Punkt 13.00 Uhr ist er an diesem Donnerstag wieder da. Live auf allen wichtigen Kanälen. Den Auftritt des Alt-Kanzlers will sich niemand entgehen lassen. Wochenlang hat er nichts gesagt. Wochenlang hat er sich rargemacht. Wochenlang nur derselbe knappe, barsche Auftritt, der von denselben Kameras allmorgendlich gefilmt und allabendlich gesendet wurde: Wie der Ex-Kanzler, von Sicherheitsheitsbeamten begleitet, das Haus verlässt und sich den Weg durch die Kameraleute und Journalisten bahnt. Und wie er all die zugeworfenen raschen Fragen an sich abperlen lässt wie ein frisch imprägnierter Mantel den Frühjahrsregen.

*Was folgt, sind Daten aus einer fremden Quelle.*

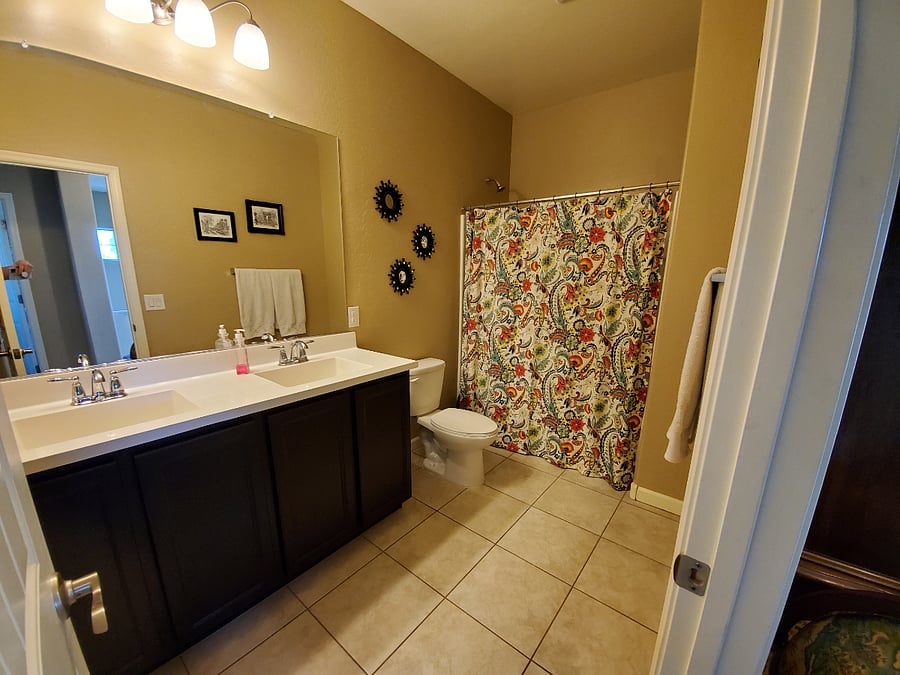 Second full bathroom (upstairs)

Dann auf einmal eine erste Regung. Eine Wirtschaftszeitung hatte die Nachricht seiner neuen Sammlung gemeldet. Gerüchte um Hypotheken auf des großen Kanzlers kleines Eigenheim kursieren im Videotext und im Internet. Am nächsten Morgen gibt er zum ersten Mal Meldung. Auf die schnellen Fragen von Werner Sonne (WDR/ARD) bestätigt er die Nachricht und schürt so die Erwartungen.
Helmut Kohl sieht an diesem Mittag aus wie immer. Blauer Anzug, gemusterte Krawatte, links oben im Knopfloch ein Abzeichen. Die Haare schlohweiß, die Augenbrauen wie bei Theo Waigel tiefschwarz. Als er die vorbereitete Erklärung umständlich aus einer Klarsichthülle zieht, hat es den Anschein, als zitterten seine Finger. Aber das täuscht. Kohl ist sich wie früher seiner Sache und seiner Person sicher. Routiniert spult er seine Erklärung herunter, in der seine neue Sammlungsbewegung erläutert wird. Wie er den angerichteten Schaden, über den er kein Wort verliert, wieder gut machen wollte, wie er Bürger angesprochen hätte, die sein Lebenswerk würdigen wollten und deshalb seiner Partei aus "versteuertem Einkommen" Spenden zukommen lassen würden.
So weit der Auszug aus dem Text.